In light of what is stated above, the Panel finds that the Complainant has made an unrebutted prima facie case that the Respondent lacks rights or legitimate interests in the disputed domain name. The Panel therefore finds that the second element of the paragraph 4(a) of the Policy is fulfilled.
C. Registered and Used in Bad Faith
Paragraph 4(b) of the Policy sets out examples of circumstances that will be considered by a panel to be evidence of bad faith registration and use of a domain name. It provides that:
“For the purposes of Paragraph 4(a)(iii), the following circumstances, in particular but without limitation, if found by the Panel to be present, shall be evidence of the registration and use of a domain name in bad faith:
(i) circumstances indicating that you have registered or you have acquired the domain name primarily for the purpose of selling, renting, or otherwise transferring the domain name registration to the complainant who is the owner of the trademark or service mark or to a competitor of that complainant, for valuable consideration in excess of your documented out-of-pocket costs directly related to the domain name; or
(ii) you have registered the domain name in order to prevent the owner of the trademark or service mark from reflecting the mark in a corresponding domain name, provided that you have engaged in a pattern of such conduct; or
(iii) you have registered the domain name primarily for the purpose of disrupting the business of a competitor; or
(iv) by using the domain name, you have intentionally attempted to attract, for commercial gain, Internet users to your web site or other on-line location, by creating a likelihood of confusion with the complainant’s mark as to the source, sponsorship, affiliation, or endorsement of your web site or location or of a product or service on your web site or location.”
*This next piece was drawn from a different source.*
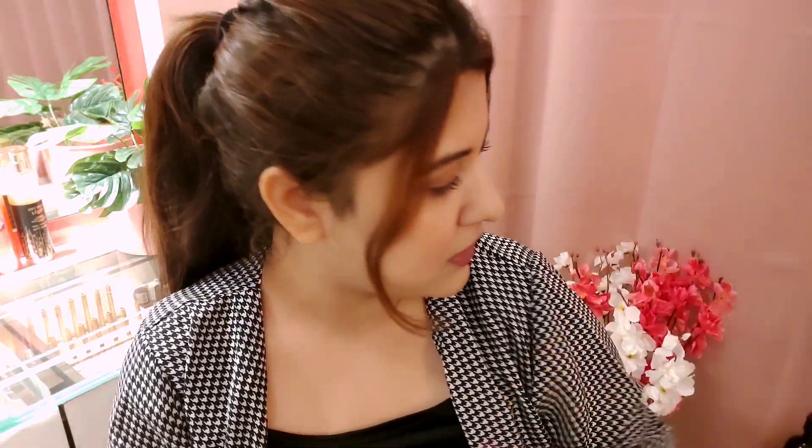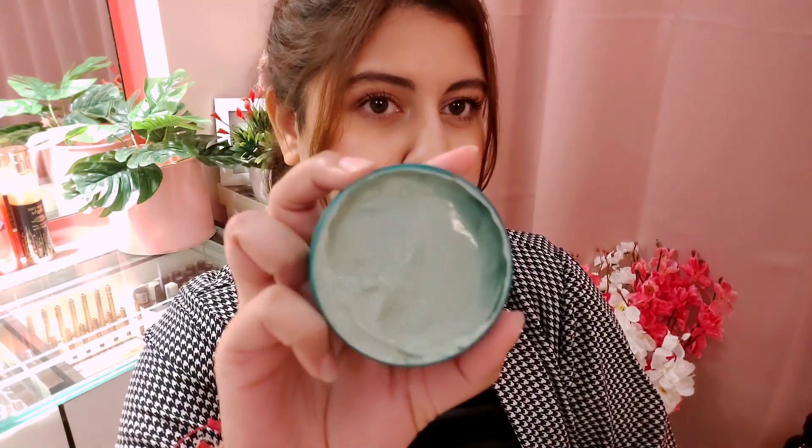The next product is the Body Shop Tea Tree Skin Clearing Clay Mask. It comes with purifying tea tree oil and is 110 grams. I think the price is around £14 or £16 — I tore off the tag after using it, but I'll try to mention it in the description box. I've used this one twice or thrice.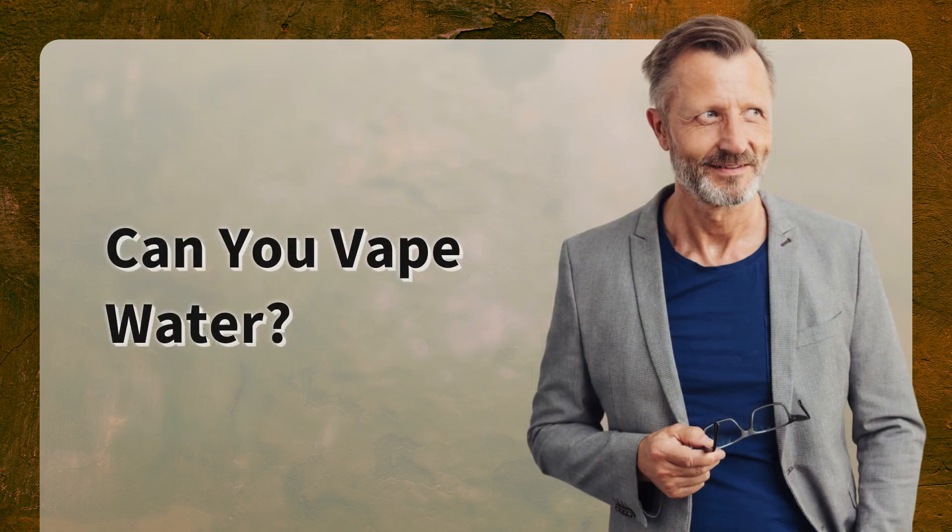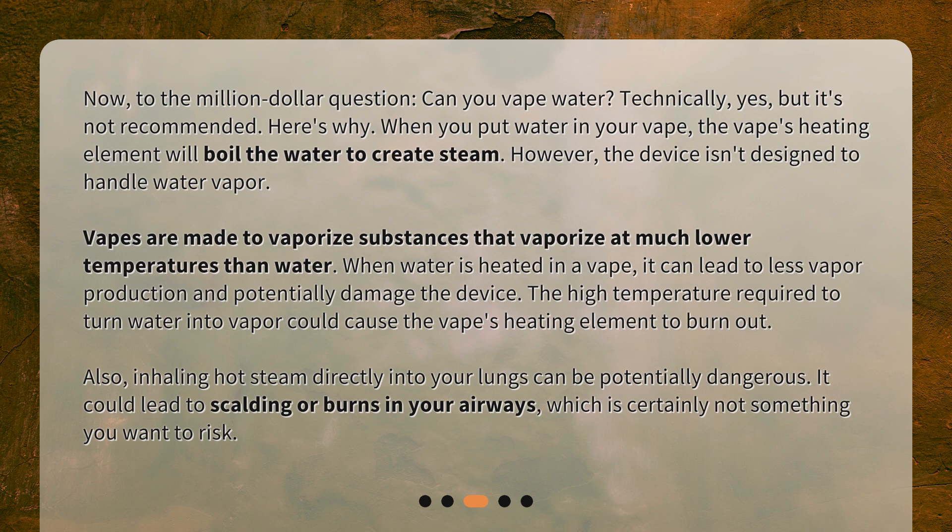Can you vape water? Now, to the million-dollar question: can you vape water? Technically yes, but it's not recommended. When you put water in your vape, the heating element will boil the water to create steam. However, the device isn't designed to handle water vapor. Vapes are made to vaporize substances at much lower temperatures than water, and heating water can lead to less vapor production and potentially damage the device. The high temperature required to turn water into vapor could cause the heating element to burn out. Also, inhaling hot steam directly into your lungs can be potentially dangerous, leading to scalding or burns in your airways.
Since OSRAM is a well-known and distinctive trademark and there is no evidenced relationship between the parties, it may be assumed that the Respondent was aware of the Complainant’s trademark at the time it registered the disputed domain name <longosram.com>.
Moreover, the Complainant submitted printouts showing that the website resolved by the disputed domain name <longosram.com> reproduced not only the Complainant’s earlier word mark OSRAM but also the earlier trademarked Complainant’s logo which consists of a stylized lamp placed inside an orange stylized oval, combined with the word “osram”, as well as the stylized orange sign “osram”. Moreover, the Complainant also offered products that compete with the Complainant’s goods.
By using in a such manner the disputed domain name, the Respondent tried to create a likelihood of confusion with the Complainant’s mark OSRAM as to the source, sponsorship, affiliation, or endorsement of its website and to financially benefit from the Complainant’s reputation or to disrupt the Complainant’s business.
The Panel finds that this use of the Complainant’s OSRAM trademarks on the website leads to Internet user confusion and diverts to the Complainant’s customers looking for the Complainant to the Respondent’s site, which also promotes third-party branded goods. Therefore the Panel finds that the Respondent registered the disputed domain name with the Complainant in mind and with the intention of capitalizing on the reputation of the Complainant within the meaning of paragraph 4(b)(iv) of the Policy.
The Panel finds that the above constitutes registration and use in bad faith pursuant to the third requirement of paragraph 4(a) of the Policy.
For the foregoing reasons, in accordance with paragraphs 4(i) of the Policy and 15 of the Rules, the Panel orders that the disputed domain name, <longosram.com> be transferred to the Complainant.